• _Crawled caption data_
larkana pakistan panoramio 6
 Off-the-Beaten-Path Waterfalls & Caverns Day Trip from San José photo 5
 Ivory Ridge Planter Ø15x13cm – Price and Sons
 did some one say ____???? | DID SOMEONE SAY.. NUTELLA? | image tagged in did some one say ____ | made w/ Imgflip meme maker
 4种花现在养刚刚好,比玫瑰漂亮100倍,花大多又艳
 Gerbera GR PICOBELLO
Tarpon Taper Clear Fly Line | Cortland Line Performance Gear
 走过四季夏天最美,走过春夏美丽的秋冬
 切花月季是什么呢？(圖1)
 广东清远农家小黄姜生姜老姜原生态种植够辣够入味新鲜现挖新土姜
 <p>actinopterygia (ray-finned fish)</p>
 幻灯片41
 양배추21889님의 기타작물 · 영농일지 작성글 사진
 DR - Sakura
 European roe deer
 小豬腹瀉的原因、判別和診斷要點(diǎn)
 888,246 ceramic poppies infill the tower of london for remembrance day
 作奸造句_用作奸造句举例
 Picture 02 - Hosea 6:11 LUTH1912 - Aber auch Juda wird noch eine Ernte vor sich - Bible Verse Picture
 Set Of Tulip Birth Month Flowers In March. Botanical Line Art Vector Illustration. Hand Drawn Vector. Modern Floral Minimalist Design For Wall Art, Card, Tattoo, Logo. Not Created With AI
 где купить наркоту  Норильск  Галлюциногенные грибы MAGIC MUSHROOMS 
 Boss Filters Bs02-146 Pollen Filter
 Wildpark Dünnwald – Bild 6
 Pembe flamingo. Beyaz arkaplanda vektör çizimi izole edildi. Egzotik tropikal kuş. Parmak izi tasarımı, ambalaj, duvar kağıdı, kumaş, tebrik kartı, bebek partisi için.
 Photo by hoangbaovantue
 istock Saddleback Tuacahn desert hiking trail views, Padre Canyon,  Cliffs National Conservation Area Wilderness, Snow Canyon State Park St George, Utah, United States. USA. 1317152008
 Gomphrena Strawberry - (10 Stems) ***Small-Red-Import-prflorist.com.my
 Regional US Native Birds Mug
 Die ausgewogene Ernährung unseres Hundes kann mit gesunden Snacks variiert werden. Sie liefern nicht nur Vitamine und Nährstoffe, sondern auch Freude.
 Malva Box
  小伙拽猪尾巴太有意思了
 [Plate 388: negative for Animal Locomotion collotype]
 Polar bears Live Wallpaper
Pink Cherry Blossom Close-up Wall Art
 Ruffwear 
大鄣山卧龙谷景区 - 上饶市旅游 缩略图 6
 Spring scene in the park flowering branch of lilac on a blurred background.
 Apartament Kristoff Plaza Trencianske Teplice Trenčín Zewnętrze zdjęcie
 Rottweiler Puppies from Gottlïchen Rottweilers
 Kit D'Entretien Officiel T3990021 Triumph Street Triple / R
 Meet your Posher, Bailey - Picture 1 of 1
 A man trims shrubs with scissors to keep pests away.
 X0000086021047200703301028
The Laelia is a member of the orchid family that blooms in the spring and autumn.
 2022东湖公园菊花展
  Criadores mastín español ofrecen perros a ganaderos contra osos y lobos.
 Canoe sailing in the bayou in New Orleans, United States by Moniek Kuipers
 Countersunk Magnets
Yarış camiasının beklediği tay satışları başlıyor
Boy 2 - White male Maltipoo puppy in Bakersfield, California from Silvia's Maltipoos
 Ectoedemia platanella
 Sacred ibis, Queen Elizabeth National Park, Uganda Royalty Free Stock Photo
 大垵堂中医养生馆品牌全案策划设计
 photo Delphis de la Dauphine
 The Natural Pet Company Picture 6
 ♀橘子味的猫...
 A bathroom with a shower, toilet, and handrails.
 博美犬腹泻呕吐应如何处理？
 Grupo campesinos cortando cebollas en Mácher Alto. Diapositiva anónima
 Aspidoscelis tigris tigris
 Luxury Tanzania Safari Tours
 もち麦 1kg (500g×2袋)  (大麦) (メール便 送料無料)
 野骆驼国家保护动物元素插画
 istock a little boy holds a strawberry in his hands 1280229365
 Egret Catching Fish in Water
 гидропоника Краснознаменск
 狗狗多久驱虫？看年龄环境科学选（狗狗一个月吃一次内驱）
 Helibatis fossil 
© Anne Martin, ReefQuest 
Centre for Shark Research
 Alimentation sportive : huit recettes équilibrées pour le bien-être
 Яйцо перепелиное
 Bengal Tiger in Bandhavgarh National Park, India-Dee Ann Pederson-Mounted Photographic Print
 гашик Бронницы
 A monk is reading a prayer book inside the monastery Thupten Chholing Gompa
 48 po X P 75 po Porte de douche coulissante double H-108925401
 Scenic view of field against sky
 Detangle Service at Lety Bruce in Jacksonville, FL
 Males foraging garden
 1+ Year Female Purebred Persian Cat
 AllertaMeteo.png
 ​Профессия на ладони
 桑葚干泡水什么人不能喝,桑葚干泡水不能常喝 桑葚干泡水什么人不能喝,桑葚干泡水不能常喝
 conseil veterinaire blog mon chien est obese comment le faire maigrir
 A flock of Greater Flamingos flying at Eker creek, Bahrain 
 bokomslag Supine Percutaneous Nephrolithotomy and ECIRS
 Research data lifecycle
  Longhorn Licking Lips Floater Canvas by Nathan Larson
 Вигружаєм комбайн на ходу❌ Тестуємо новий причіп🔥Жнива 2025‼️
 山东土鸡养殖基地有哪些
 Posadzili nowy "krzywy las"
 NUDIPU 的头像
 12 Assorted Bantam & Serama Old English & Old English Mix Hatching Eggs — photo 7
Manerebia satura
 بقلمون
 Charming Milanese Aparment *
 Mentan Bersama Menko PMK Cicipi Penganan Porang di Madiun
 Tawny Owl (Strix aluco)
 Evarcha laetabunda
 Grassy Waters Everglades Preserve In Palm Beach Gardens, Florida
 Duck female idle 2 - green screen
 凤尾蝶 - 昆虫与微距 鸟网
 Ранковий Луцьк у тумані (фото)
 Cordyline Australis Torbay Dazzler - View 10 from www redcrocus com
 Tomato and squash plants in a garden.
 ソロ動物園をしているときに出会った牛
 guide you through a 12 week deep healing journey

• _Brief_
All entries should be given again precisely as they appear above.

• _Completed task_
larkana pakistan panoramio 6
 Off-the-Beaten-Path Waterfalls & Caverns Day Trip from San José photo 5
 Ivory Ridge Planter Ø15x13cm – Price and Sons
 did some one say ____???? | DID SOMEONE SAY.. NUTELLA? | image tagged in did some one say ____ | made w/ Imgflip meme maker
 4种花现在养刚刚好,比玫瑰漂亮100倍,花大多又艳
 Gerbera GR PICOBELLO
Tarpon Taper Clear Fly Line | Cortland Line Performance Gear
 走过四季夏天最美,走过春夏美丽的秋冬
 切花月季是什么呢？(圖1)
 广东清远农家小黄姜生姜老姜原生态种植够辣够入味新鲜现挖新土姜
 <p>actinopterygia (ray-finned fish)</p>
 幻灯片41
 양배추21889님의 기타작물 · 영농일지 작성글 사진
 DR - Sakura
 European roe deer
 小豬腹瀉的原因、判別和診斷要點(diǎn)
 888,246 ceramic poppies infill the tower of london for remembrance day
 作奸造句_用作奸造句举例
 Picture 02 - Hosea 6:11 LUTH1912 - Aber auch Juda wird noch eine Ernte vor sich - Bible Verse Picture
 Set Of Tulip Birth Month Flowers In March. Botanical Line Art Vector Illustration. Hand Drawn Vector. Modern Floral Minimalist Design For Wall Art, Card, Tattoo, Logo. Not Created With AI
 где купить наркоту  Норильск  Галлюциногенные грибы MAGIC MUSHROOMS 
 Boss Filters Bs02-146 Pollen Filter
 Wildpark Dünnwald – Bild 6
 Pembe flamingo. Beyaz arkaplanda vektör çizimi izole edildi. Egzotik tropikal kuş. Parmak izi tasarımı, ambalaj, duvar kağıdı, kumaş, tebrik kartı, bebek partisi için.
 Photo by hoangbaovantue
 istock Saddleback Tuacahn desert hiking trail views, Padre Canyon,  Cliffs National Conservation Area Wilderness, Snow Canyon State Park St George, Utah, United States. USA. 1317152008
 Gomphrena Strawberry - (10 Stems) ***Small-Red-Import-prflorist.com.my
 Regional US Native Birds Mug
 Die ausgewogene Ernährung unseres Hundes kann mit gesunden Snacks variiert werden. Sie liefern nicht nur Vitamine und Nährstoffe, sondern auch Freude.
 Malva Box
  小伙拽猪尾巴太有意思了
 [Plate 388: negative for Animal Locomotion collotype]
 Polar bears Live Wallpaper
Pink Cherry Blossom Close-up Wall Art
 Ruffwear 
大鄣山卧龙谷景区 - 上饶市旅游 缩略图 6
 Spring scene in the park flowering branch of lilac on a blurred background.
 Apartament Kristoff Plaza Trencianske Teplice Trenčín Zewnętrze zdjęcie
 Rottweiler Puppies from Gottlïchen Rottweilers
 Kit D'Entretien Officiel T3990021 Triumph Street Triple / R
 Meet your Posher, Bailey - Picture 1 of 1
 A man trims shrubs with scissors to keep pests away.
 X0000086021047200703301028
The Laelia is a member of the orchid family that blooms in the spring and autumn.
 2022东湖公园菊花展
  Criadores mastín español ofrecen perros a ganaderos contra osos y lobos.
 Canoe sailing in the bayou in New Orleans, United States by Moniek Kuipers
 Countersunk Magnets
Yarış camiasının beklediği tay satışları başlıyor
Boy 2 - White male Maltipoo puppy in Bakersfield, California from Silvia's Maltipoos
 Ectoedemia platanella
 Sacred ibis, Queen Elizabeth National Park, Uganda Royalty Free Stock Photo
 大垵堂中医养生馆品牌全案策划设计
 photo Delphis de la Dauphine
 The Natural Pet Company Picture 6
 ♀橘子味的猫...
 A bathroom with a shower, toilet, and handrails.
 博美犬腹泻呕吐应如何处理？
 Grupo campesinos cortando cebollas en Mácher Alto. Diapositiva anónima
 Aspidoscelis tigris tigris
 Luxury Tanzania Safari Tours
 もち麦 1kg (500g×2袋)  (大麦) (メール便 送料無料)
 野骆驼国家保护动物元素插画
 istock a little boy holds a strawberry in his hands 1280229365
 Egret Catching Fish in Water
 гидропоника Краснознаменск
 狗狗多久驱虫？看年龄环境科学选（狗狗一个月吃一次内驱）
 Helibatis fossil 
© Anne Martin, ReefQuest 
Centre for Shark Research
 Alimentation sportive : huit recettes équilibrées pour le bien-être
 Яйцо перепелиное
 Bengal Tiger in Bandhavgarh National Park, India-Dee Ann Pederson-Mounted Photographic Print
 гашик Бронницы
 A monk is reading a prayer book inside the monastery Thupten Chholing Gompa
 48 po X P 75 po Porte de douche coulissante double H-108925401
 Scenic view of field against sky
 Detangle Service at Lety Bruce in Jacksonville, FL
 Males foraging garden
 1+ Year Female Purebred Persian Cat
 AllertaMeteo.png
 ​Профессия на ладони
 桑葚干泡水什么人不能喝,桑葚干泡水不能常喝 桑葚干泡水什么人不能喝,桑葚干泡水不能常喝
 conseil veterinaire blog mon chien est obese comment le faire maigrir
 A flock of Greater Flamingos flying at Eker creek, Bahrain 
 bokomslag Supine Percutaneous Nephrolithotomy and ECIRS
 Research data lifecycle
  Longhorn Licking Lips Floater Canvas by Nathan Larson
 Вигружаєм комбайн на ходу❌ Тестуємо новий причіп🔥Жнива 2025‼️
 山东土鸡养殖基地有哪些
 Posadzili nowy "krzywy las"
 NUDIPU 的头像
 12 Assorted Bantam & Serama Old English & Old English Mix Hatching Eggs — photo 7
Manerebia satura
 بقلمون
 Charming Milanese Aparment *
 Mentan Bersama Menko PMK Cicipi Penganan Porang di Madiun
 Tawny Owl (Strix aluco)
 Evarcha laetabunda
 Grassy Waters Everglades Preserve In Palm Beach Gardens, Florida
 Duck female idle 2 - green screen
 凤尾蝶 - 昆虫与微距 鸟网
 Ранковий Луцьк у тумані (фото)
 Cordyline Australis Torbay Dazzler - View 10 from www redcrocus com
 Tomato and squash plants in a garden.
 ソロ動物園をしているときに出会った牛
 guide you through a 12 week deep healing journey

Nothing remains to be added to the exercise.